→ **Exercise instructions**
Please copy exactly the line that contains "RIVGOTCN Mini Bluetooth" and every line after it through the end of the records, leaving the pictures out.

→ **Excerpted records**
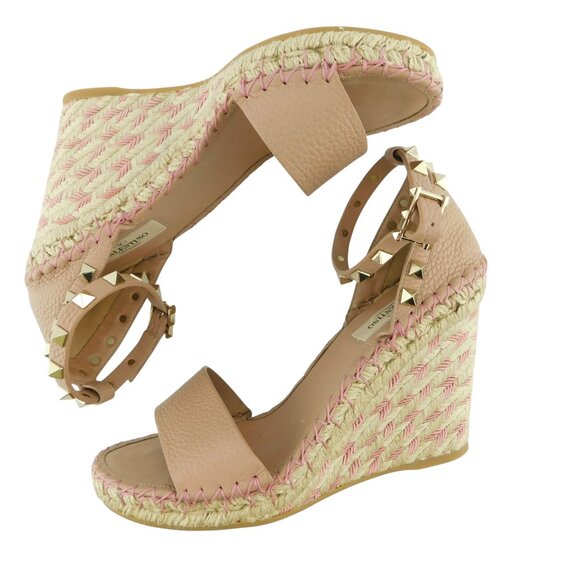 New VALENTINO Rockstud Nude Beige Espadrille Wedge Ankle Strap Sandals 37 - Picture 5 of 10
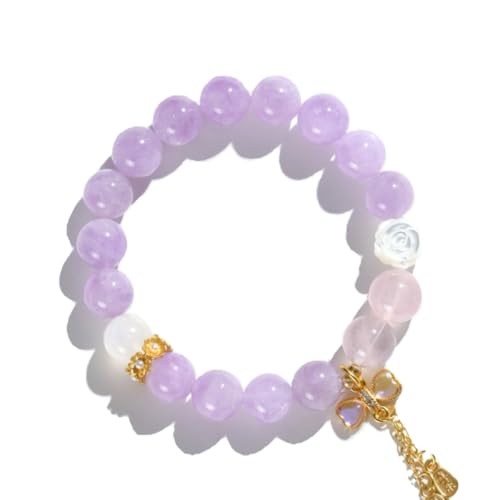Bracelet perles d'eau douce véritable citrine et pompon kunzite luxe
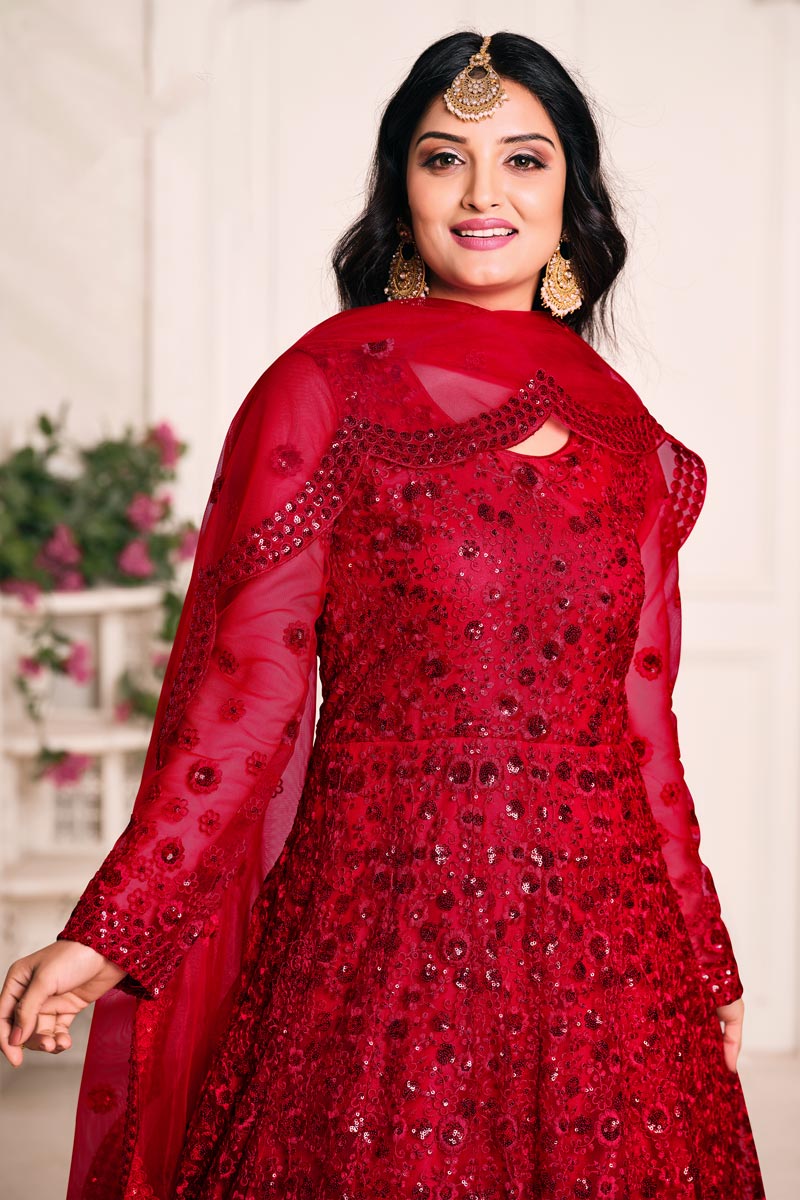 Embroidery Work Sangeet Wear Stylish Anarkali Suit In Red Color Net Fabric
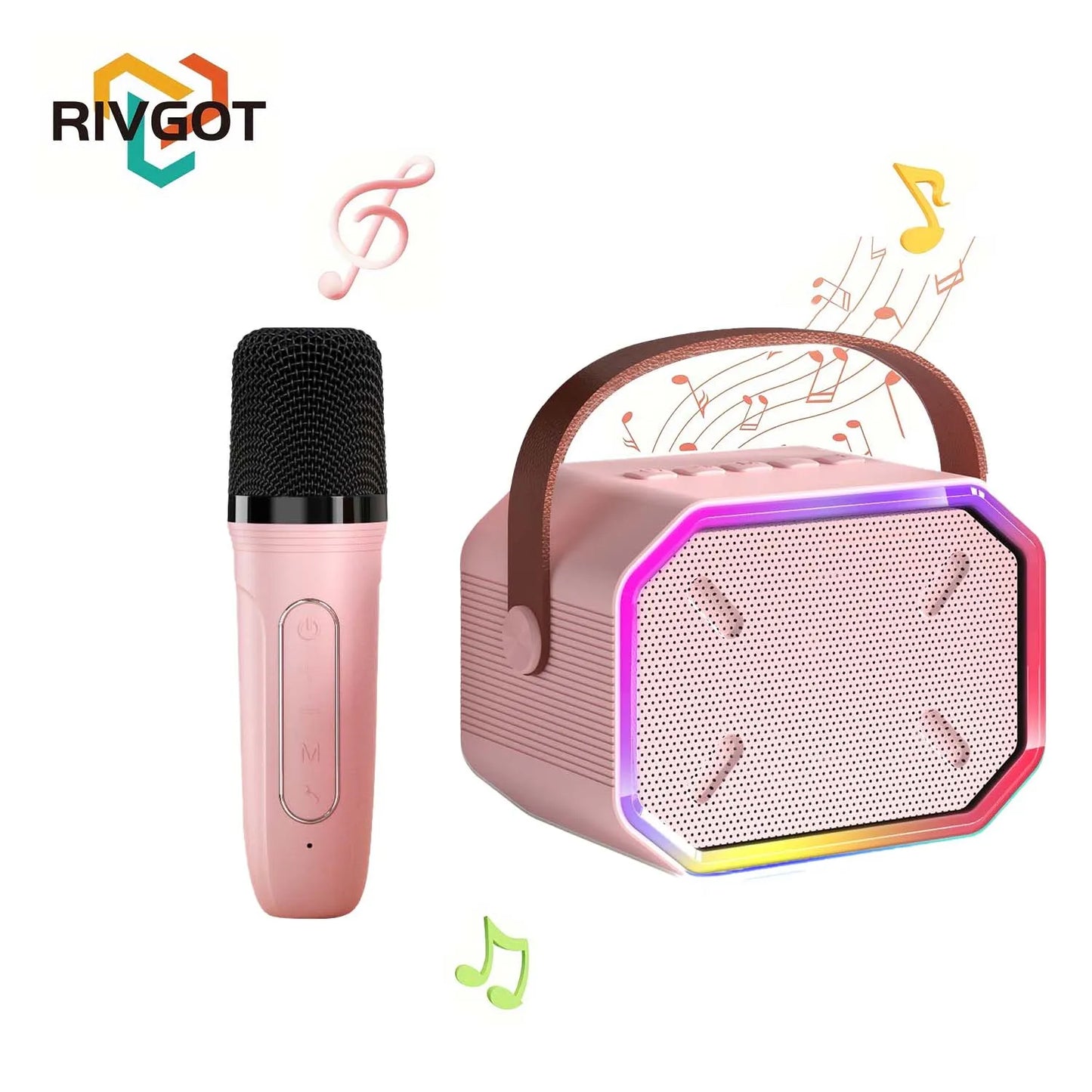 RIVGOTCN Mini Bluetooth Karaoke Machine for Kids Portable Wireless
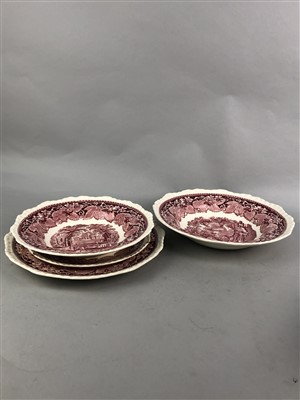 Lot 323 - A LOT OF MASONS 'VISTA' RED AND WHITE DINNER WARE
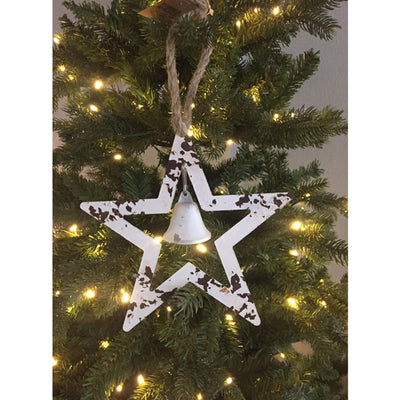 Natural collections pendant star with bell metal 21x5x21cm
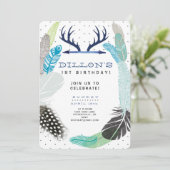 Boho Feather Birthday Uitnodiging (Staand voorkant)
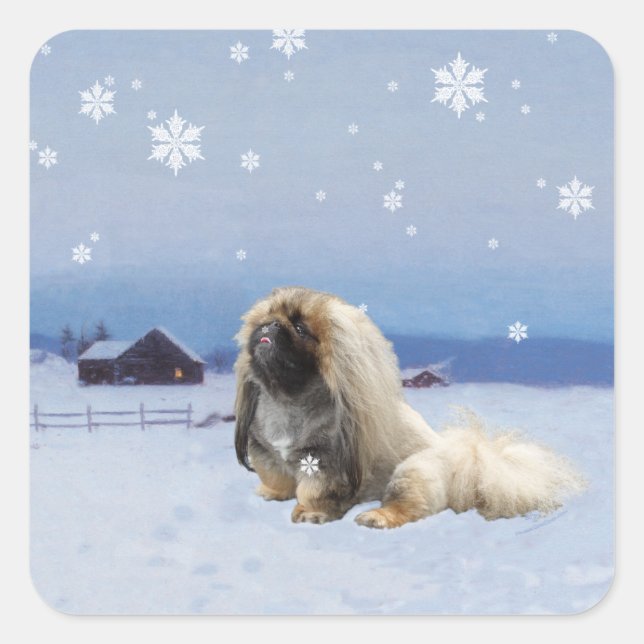 Adesivo Quadrado Pekingese no inverno (Frente)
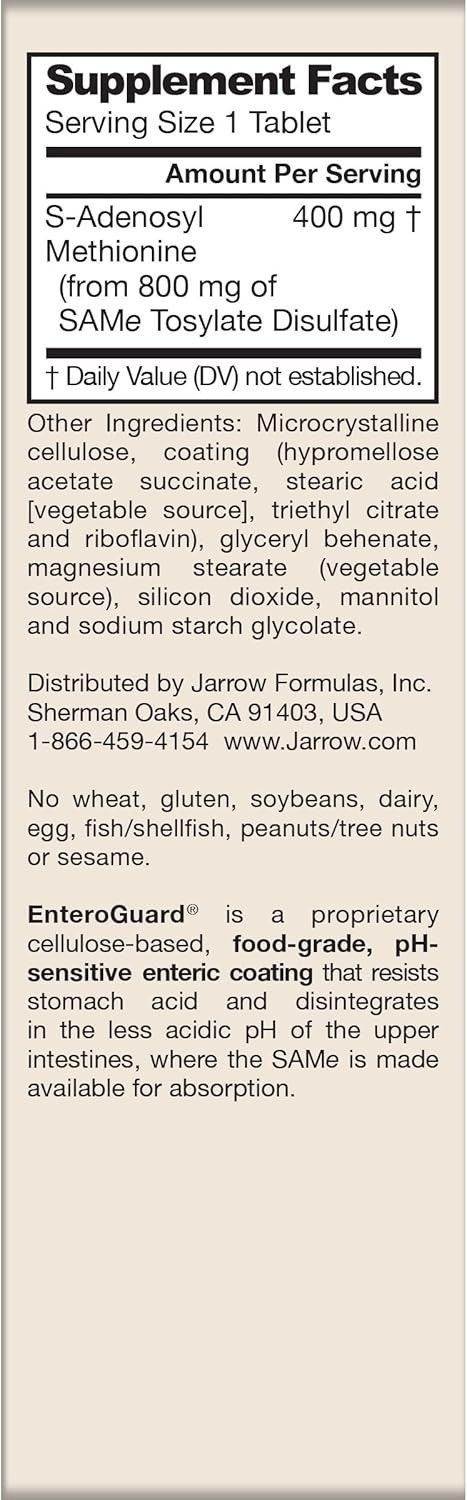 Jarrow Formulas SAMe 400, 400 mg, Extra Strength 30 Tablets Vegan EXP. 10/28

→ **Answer space**
 RIVGOTCN Mini Bluetooth Karaoke Machine for Kids Portable Wireless
 Lot 323 - A LOT OF MASONS 'VISTA' RED AND WHITE DINNER WARE
 Natural collections pendant star with bell metal 21x5x21cm
 Boho Feather Birthday Uitnodiging (Staand voorkant)
 Adesivo Quadrado Pekingese no inverno (Frente)
 Jarrow Formulas SAMe 400, 400 mg, Extra Strength 30 Tablets Vegan EXP. 10/28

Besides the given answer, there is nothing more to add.